This announcement may include forward-looking statements within the meaning of the securities laws of certain applicable jurisdictions. These forward-looking statements can be identified by the use of forward-looking terminology, including the terms “aim,” “anticipate,” “believe,” “continue,” “could,” “estimate,” “expect,” “forecast,” “guidance,” “intend,” “may,” “plan,” “project,” “should,” “will” or “would” or, in each case, their negative, or other variations or comparable terminology. These forward-looking statements include, but are not limited to, all statements other than statements of historical facts contained in the Offering Memorandum and include statements regarding the Group’s or its affiliates’ intentions, beliefs or current expectations concerning, among other things, the Group’s or its affiliates’ results of operations, financial condition, liquidity, prospects, growth, strategies and dividend policy and the industries in which they operate.
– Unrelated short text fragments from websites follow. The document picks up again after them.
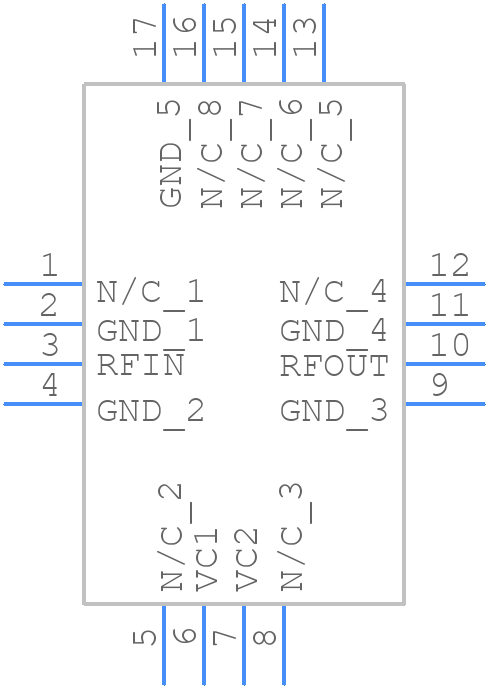 MAAV-011013 - MACOM - PCB symbol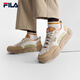 FILA 斐樂官方男鞋帆布鞋2025秋季漢堡鞋透氣休閑鞋運動鞋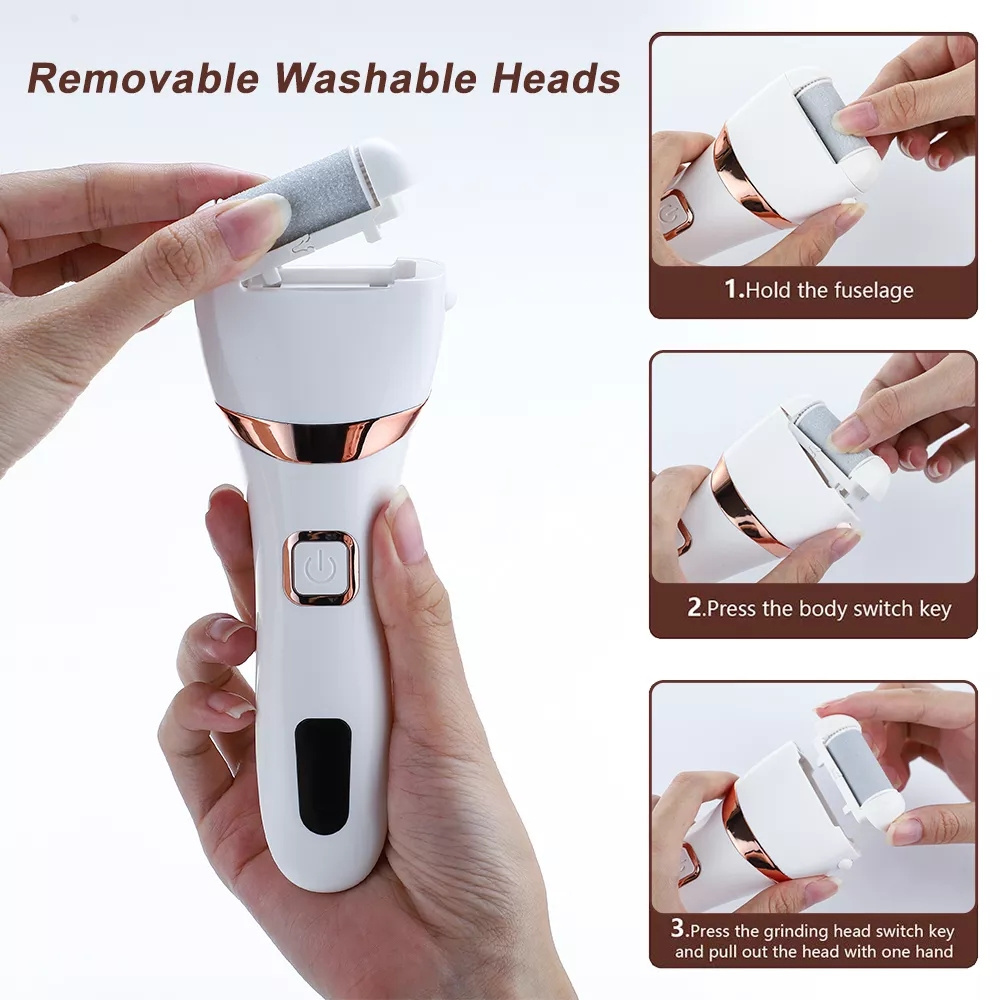 Dual Speed Foot Grinder Pedicure Tools Home USB Feet Care Sander for Dead Hard Crack Foot Skin Callus Remover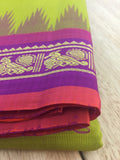 Green/Purple Kanjeevaram Silk Saree-Silk Saree-House of Taamara-House of Taamara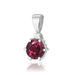 Pandantiv Aur 14K Z0076 Rodolit 0.60ct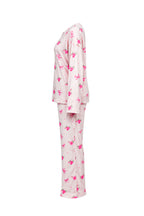 2-Piece Winter Floral Print Pajama Set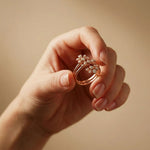 0.35 Ct Round Cut Moissanite Floral Wrap Ring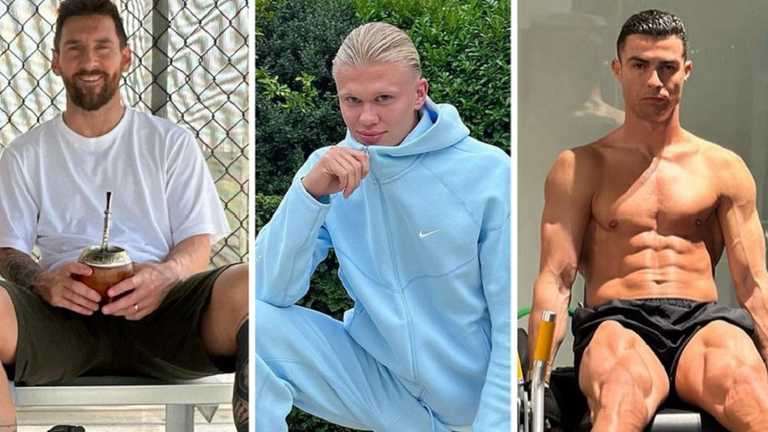 Мессі, Холанд, Роналду / Фото з Instagram Мессі, Холанд, Роналду / Фото з Instagram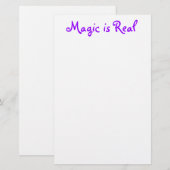 Magic is Real-stationery Briefpapier (Voorkant / Achterkant)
By their nature, forward-looking statements involve known and unknown risks and uncertainties because they relate to events and depend on circumstances that may or may not occur in the future. Forward-looking statements are not guarantees of future performance. You should not place undue reliance on these forward-looking statements. Many factors may cause the Group’s or its affiliates’ actual results of operations, financial condition, liquidity and the development of the industries in which they operate to differ materially from those contained in or suggested by the forward-looking statements contained in this announcement. In addition, even if the Group’s or its affiliates’ results of operations, financial condition and liquidity, and the development of the industries in which they operate are consistent with the forward-looking statements contained in this announcement, those results or developments may not be indicative of results or developments in subsequent periods.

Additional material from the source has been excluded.